You can freeze pretty much any sort of food with the proper preparation, and food can last for years in the freezer.

The obvious major downside is the need for lots of electricity. Large enough solar panels can power a freezer, and there are propane-powered freezers on the market, though they’re expensive. A handful of freezers can work on both electricity and propane.

Your primary spoilage concern with freezing is freezer burn, which is caused by sublimation of water from your foods. Freezer burn causes a weird smell and taste, ice crystals, and discolored spots, but freezer burnt food is still safe to eat. Sometimes you can fix freezer burn by rinsing the food in cold water before cooking it.

You can prevent freezer burn by keeping your freezer as cold as possible, avoid opening the door unless necessary, and properly packaging your food to minimize oxygen.

Freezing and vacuum sealing go together like peanut butter and jelly. The vacuum sealer sucks out the oxygen and seals the bag well enough to freeze foods for years.

Fermentation

  • Difficulty: Easy
  • Preparation time: Minutes
  • Energy use: Low
  • Preservation time: Months
  • Cost: Low
  • Works alongside: Canning (makes fermented food last long, but kills beneficial cultures)

Moving further into the off-grid realm, fermentation is one of the easiest and best ways to preserve food. But it can be scary to the uninitiated because it involves live cultures — the microorganisms that make food like kimchi really healthy.

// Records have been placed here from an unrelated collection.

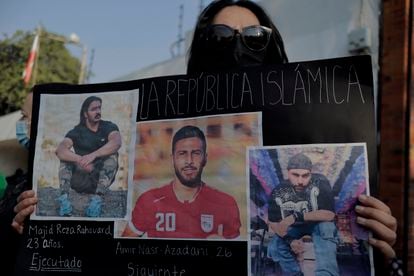 Una mujer protesta frente a la Embajada de Irán en Ciudad de México, mientras sostiene fotografías del futbolista Amir Nasr-Azadani, el 19 de diciembre.
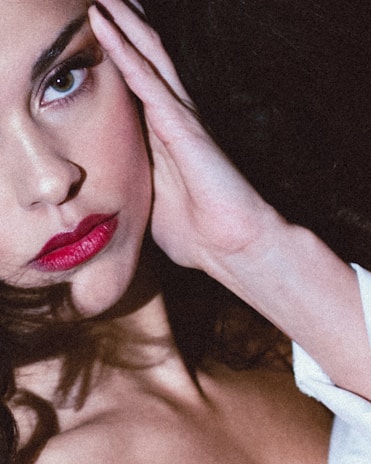 Before and after makeup look highlighting the transformative power of vibrant lipstick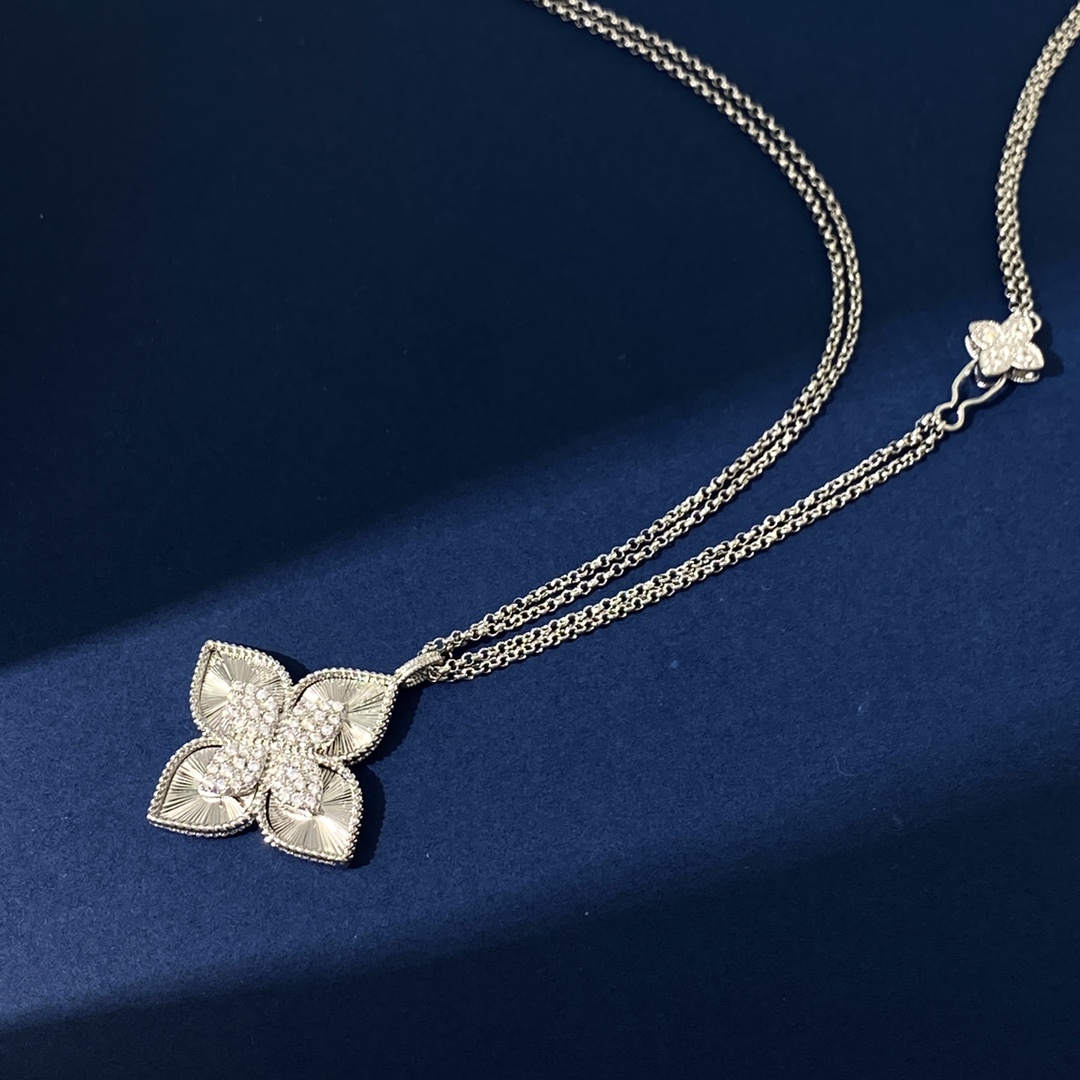 Collana Roberto Coin Princess Flower in oro giallo 18 carati con pavé di diamanti Oro bianco 18 carati con pavé di diamanti Catena regolabile da 18 pollici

Fermented foods have strong flavors that some don’t like. Most fermented vegetables (eg. sauerkraut) are extremely sour due to high vitamin C levels — Captain James Cook successfully prevented scurvy in his crew thanks to barrels of sauerkraut.

Shredded cabbage in a jar
Shredded cabbage being fermented into sauerkraut.

Most any food can be fermented, including vegetables, fruits (usually when making cider or wine), grains (making beer), meat, and dairy (yogurt and kefir).

When fermenting vegetables, they’re submerged in salt and water to ward off molds and other pathogens. This encourages the growth of lactobacillus, a type of beneficial bacteria that crowds out ‘bad’ pathogens like salmonella and E. coli. Lactobacillus is a probiotic, and fermentation is known to create B vitamins.

Fermentation is one of the few methods that actually makes food better — namely easier to digest and more nutritious. Other methods like canning will destroy nutrients, while freezing and dehydration will keep things the same (at best).

Fermentation can also remove toxins from food. Cassava is a staple in parts of Africa and Asia, but contains high amounts of cyanide until it’s fermented. Jerusalem artichokes are a popular preparedness crop, but are notoriously hard to digest (some call them “fartichokes”). Fermentation reportedly makes Jerusalem artichokes much easier on your stomach.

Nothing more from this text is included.